◆ **Problem description**
A faithful copy is required: transcribe each line below exactly, minus the pictures.

[Image-caption web data]
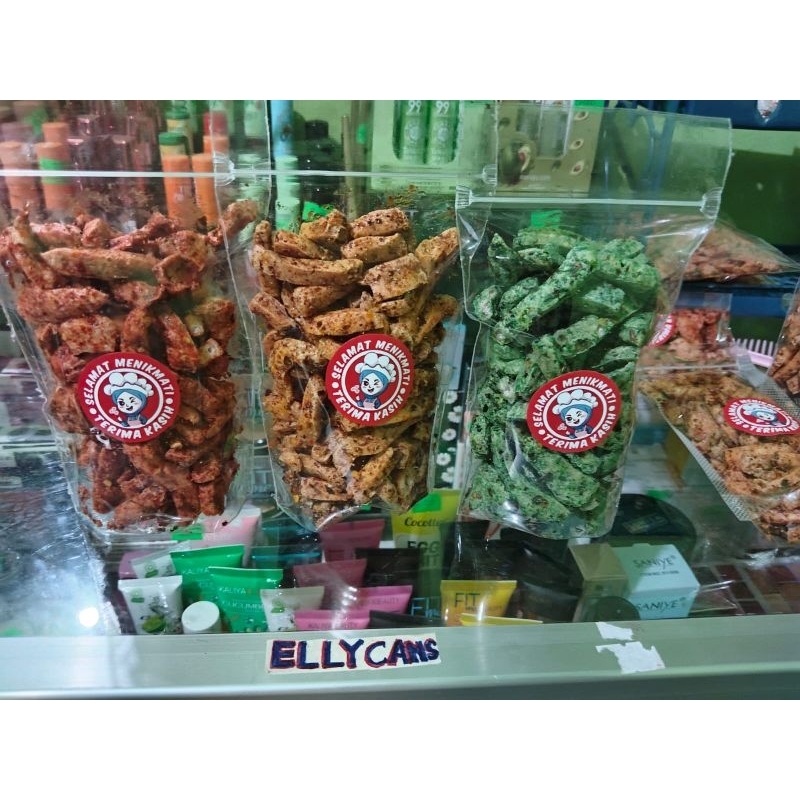 

Basreng Extra Daun Jeruk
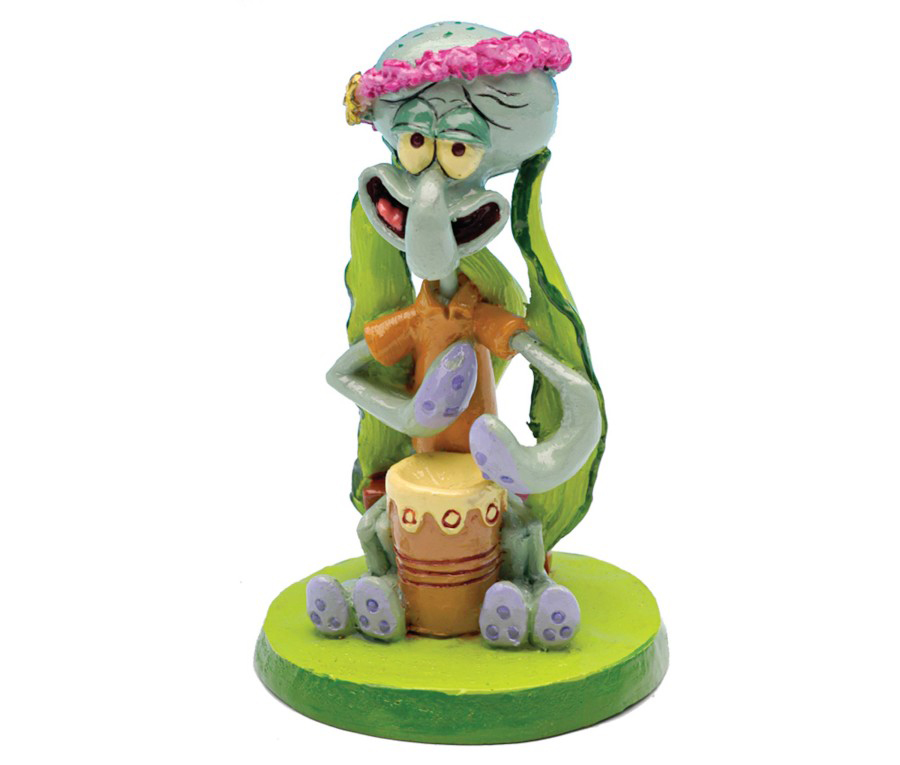 Picture of Penn-Plax 030172040542 Squidwared Aquarium Ornament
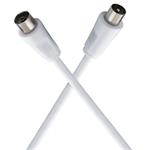 Prepojovací TV kábel PremiumCord M/F 75 Ohm 10 m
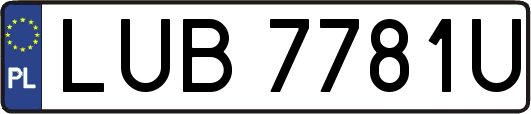 LUB7781U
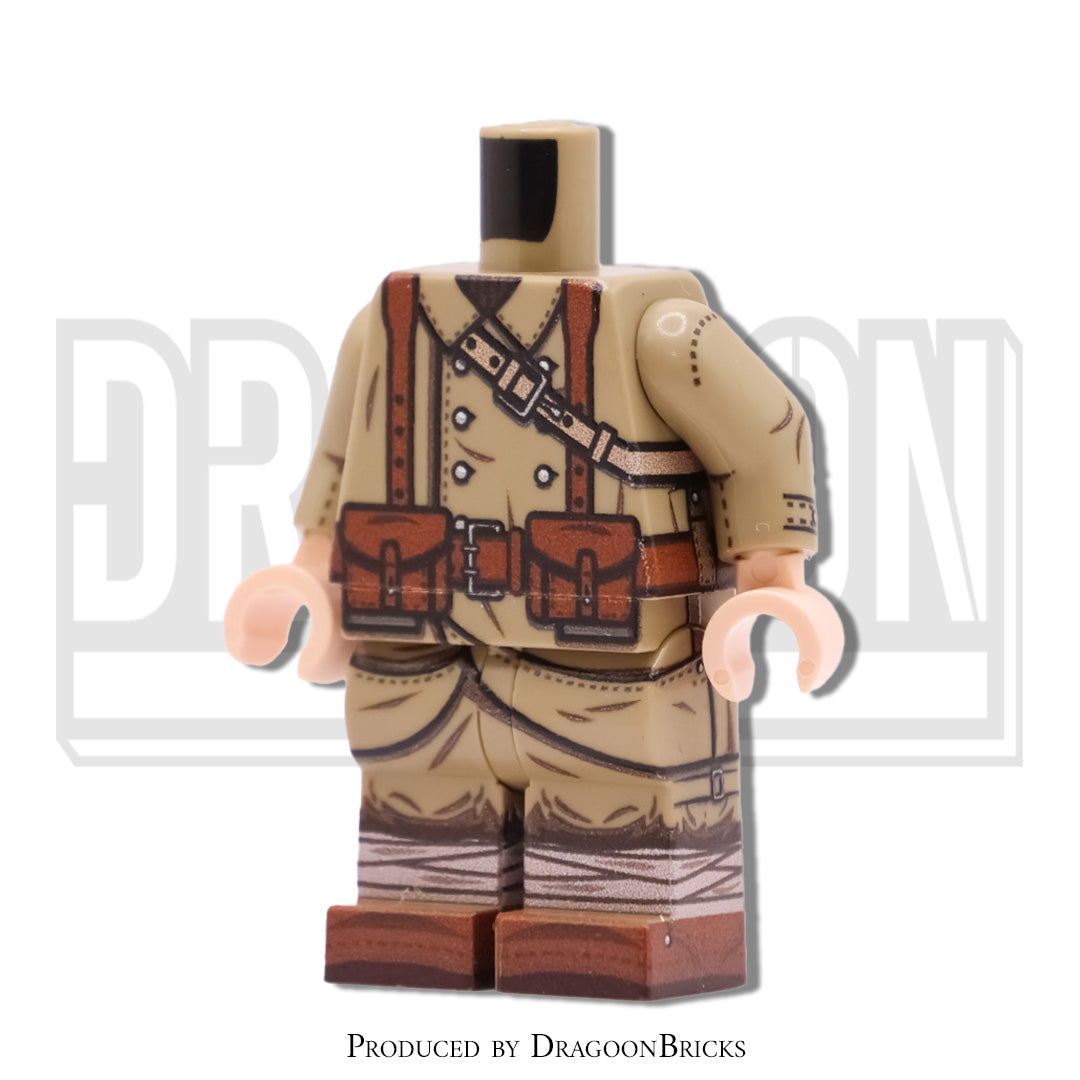 French 1940 - Rifleman Lebel 1886 (Body)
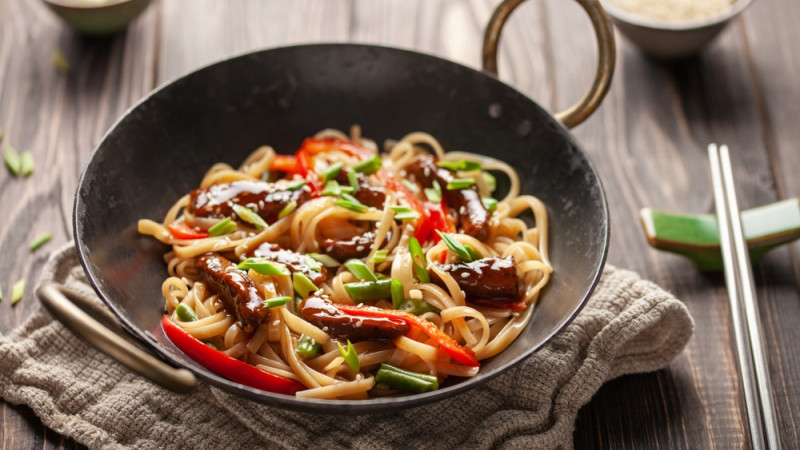 10 recettes asiatiques en version légère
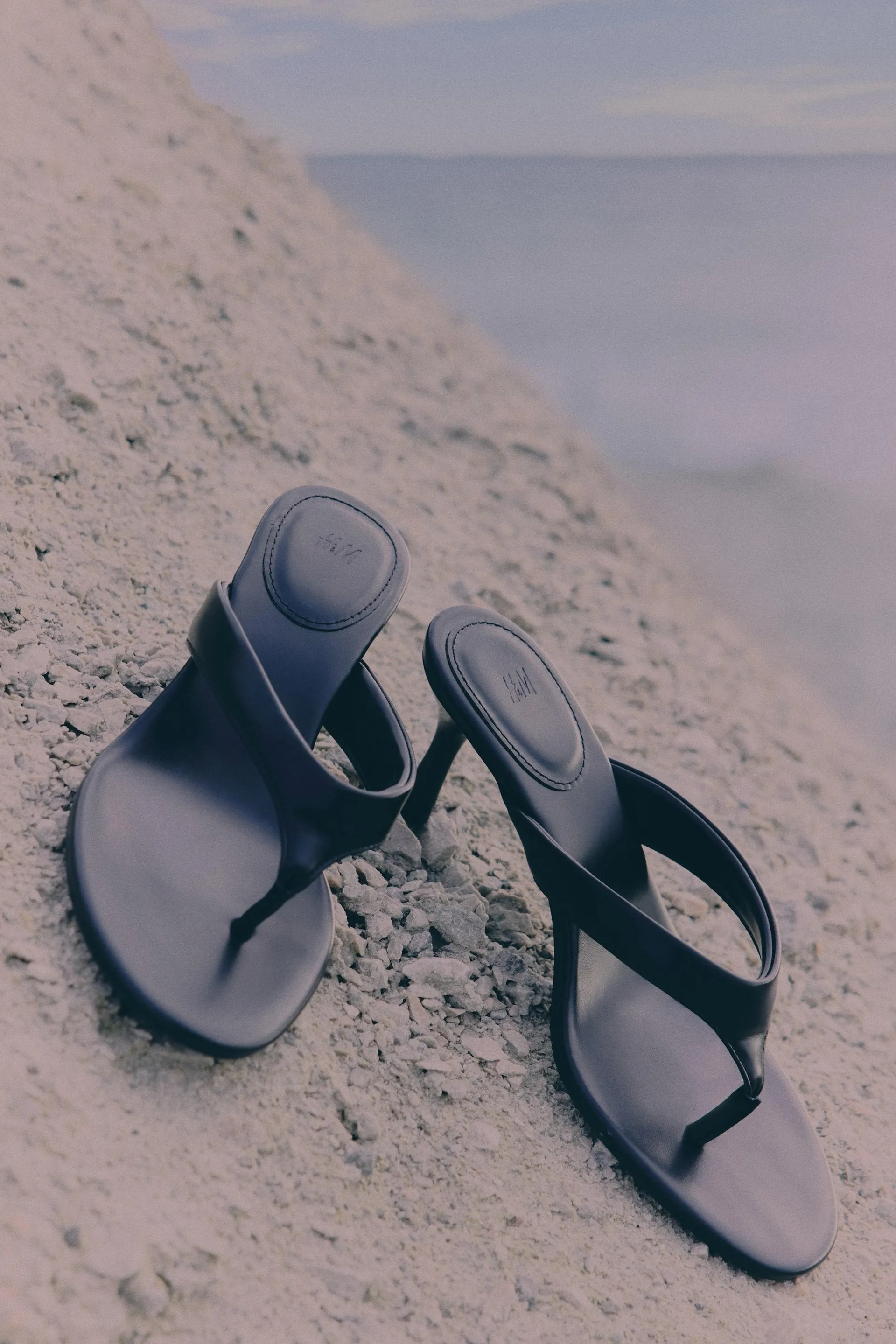 Sandales à talon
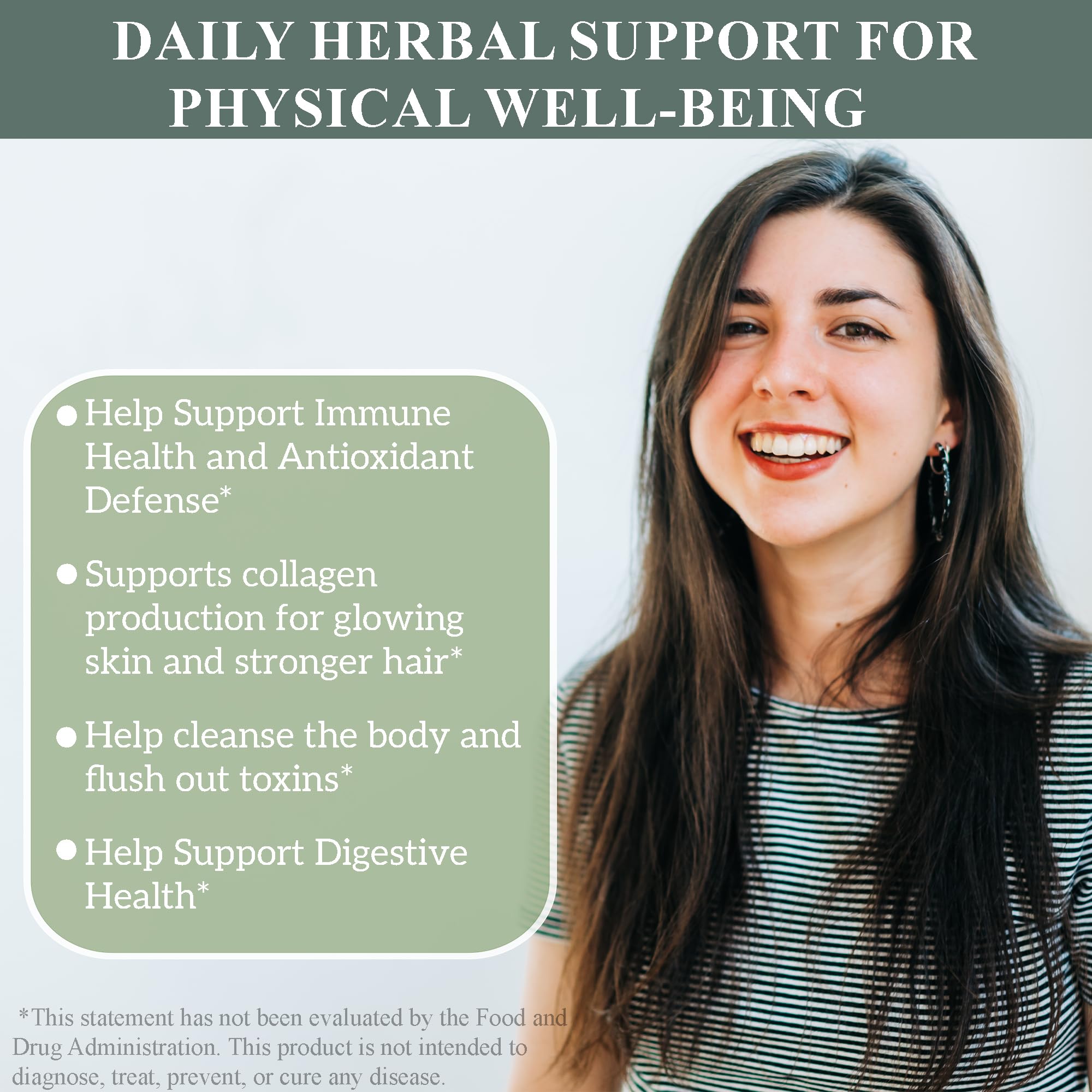 Front view of Pure Nutrition Amla packaging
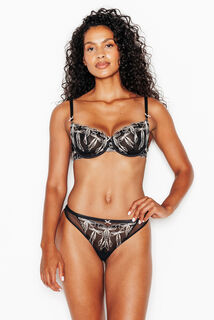 JASLINA STRING MULTICO NOIR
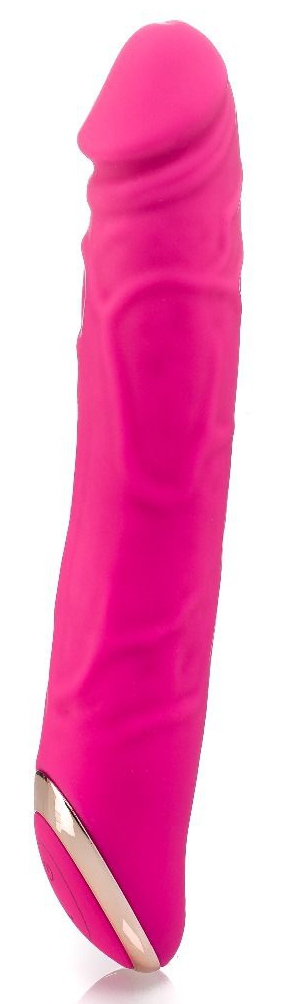 Gode vibrant The Pink 17 x 3.6cm Rose – Image 3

◆ **Task result**
Basreng Extra Daun Jeruk
 Picture of Penn-Plax 030172040542 Squidwared Aquarium Ornament
 Prepojovací TV kábel PremiumCord M/F 75 Ohm 10 m
 LUB7781U
 French 1940 - Rifleman Lebel 1886 (Body)
 10 recettes asiatiques en version légère
 Sandales à talon
 Front view of Pure Nutrition Amla packaging
 JASLINA STRING MULTICO NOIR
 Gode vibrant The Pink 17 x 3.6cm Rose – Image 3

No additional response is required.